Social media's biggest behemoth has had it pretty rough the last few weeks. Lawsuits are pending against Mark Zuckerberg et al. over the botched IPO, alleging inappropriate sharing of information (who'd have thunk it?) and stock is down 32% since that launch. Study after study has emerged, both before and after the IPO, to confirm that the current Facebook ad regime is not resulting in significant consumer spending or ad clicks.


Then this week, reports of mysterious outages were followed by 5% shareholder Sean Parker announcing that he was "bored" with Facebook at the launch of his own new product Airtime.

All this bad news has led the chattering class to begin speculating: how firm is Facebook's foothold at the top of the social mountain?

"In five to eight years," claimed venture capitalist Eric Jackson on the CNBC program Squawk on the Street, "they are going to disappear in the way that Yahoo has disappeared. Yahoo is still making money, it’s still profitable, still has 13,000 employees working for it, but it’s 10 percent of the value that it was at the height of 2000. For all intents and purposes, it’s disappeared."

In other words, this apocalyptic prediction is heralding not bankruptcy, but (perhaps even worse, in the social media age) irrelevance.
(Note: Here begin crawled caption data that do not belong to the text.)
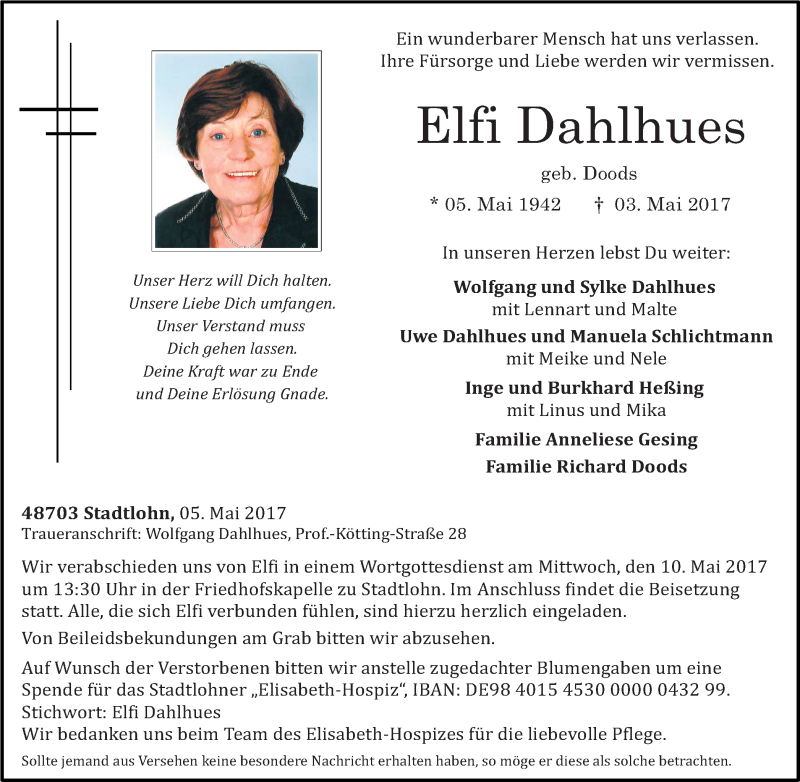  Traueranzeige für Elfi Dahlhues vom 06.05.2017 aus Münstersche Zeitung und Münsterland Zeitung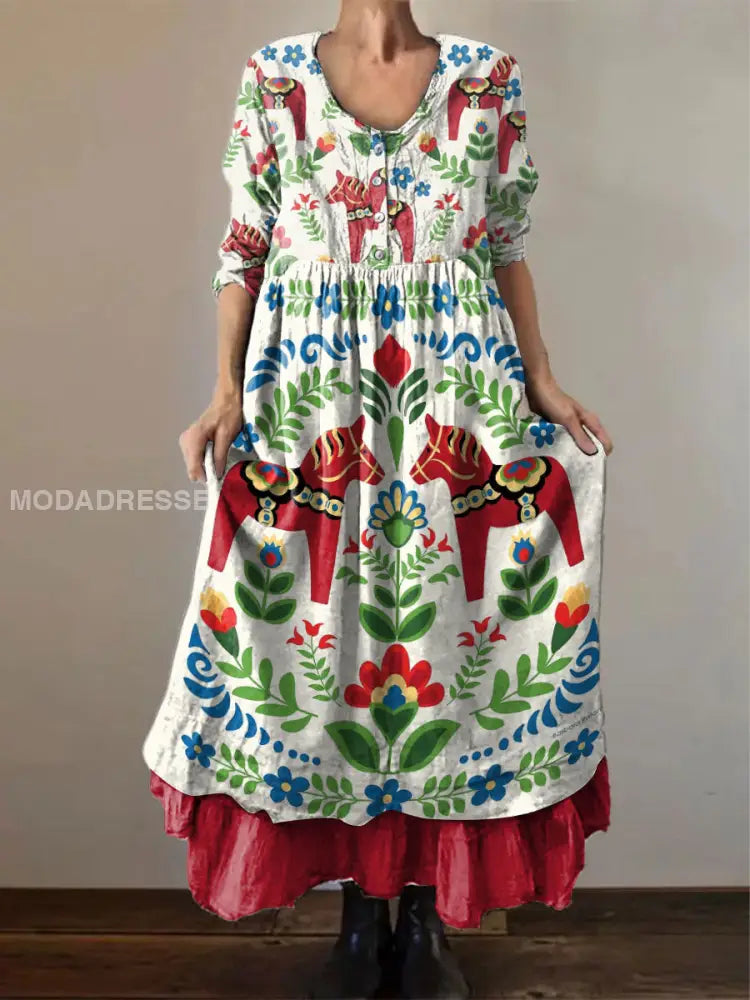 Women's Sweden Dala Horses Printed Dress
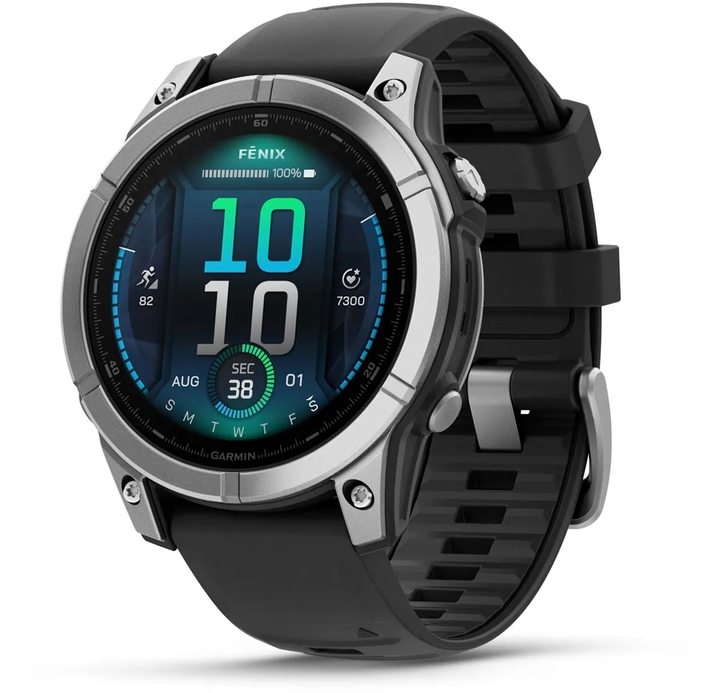 010 03025 00   garmin f%c4%93nix%c2%ae e %e2%80%93 47 mm amoled stainless steel with black silicone band %281%29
To say that a company with 13,000 people has "disappeared" reveals a very different perspective from that which the layperson would take. Reminds me of political debates where someone says a billion dollars isn't a lot of money; I guess it's all relative.
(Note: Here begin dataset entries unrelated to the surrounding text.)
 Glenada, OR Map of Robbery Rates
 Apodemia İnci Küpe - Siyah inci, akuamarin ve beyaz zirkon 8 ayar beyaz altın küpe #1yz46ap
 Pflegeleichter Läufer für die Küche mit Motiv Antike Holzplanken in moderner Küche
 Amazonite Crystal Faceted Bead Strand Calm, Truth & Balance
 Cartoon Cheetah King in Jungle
To understand the public's reaction to all this, you must factor in a certain amount of schadenfreude. Facebook is the world's largest clique, after all: a giant pep rally of almost a billion people. Even those who spend hours a day staring at the site are sometimes nursing a resentment kept barely below the surface. (One paradoxical phenomenon you're sure to have noticed by now: the Facebook-bashing Facebook status update. Oh, the irony.)

There's been an element of volatility to social media that goes even beyond the usual creative destruction or paradigm shifts that turned Yahoo! from a superstar to a bit player. There was a mass exodus from Friendster to Myspace (recently sold for $35 million after a peak value estimate of $12 billion) to Facebook. These companies were not just Web companies. They also resembled other social phenomena like nightclubs or fashions, which have a natural lifecycle of buzz, overexposure, and mass avoidance. As Yogi Berra (allegedly) said, "Nobody goes there anymore. It's too crowded."

It remains to be seen if an actual peak has been reached. The really alarming number for Facebook would be any sustained decline in real membership, and that has yet to happen, despite the fact that everybody's mom has crashed what used to be a raging dorm-room party.

In any case, for now, Facebook is still where the action is. It may be true that it has failed to deliver as a platform for paid advertisers, but it remains the indispensable social network. As long as that's the case, it will also be an important venue for local and small businesses, e-commerce, and even large companies like GM, if not to advertise, then at least to engage in. For now.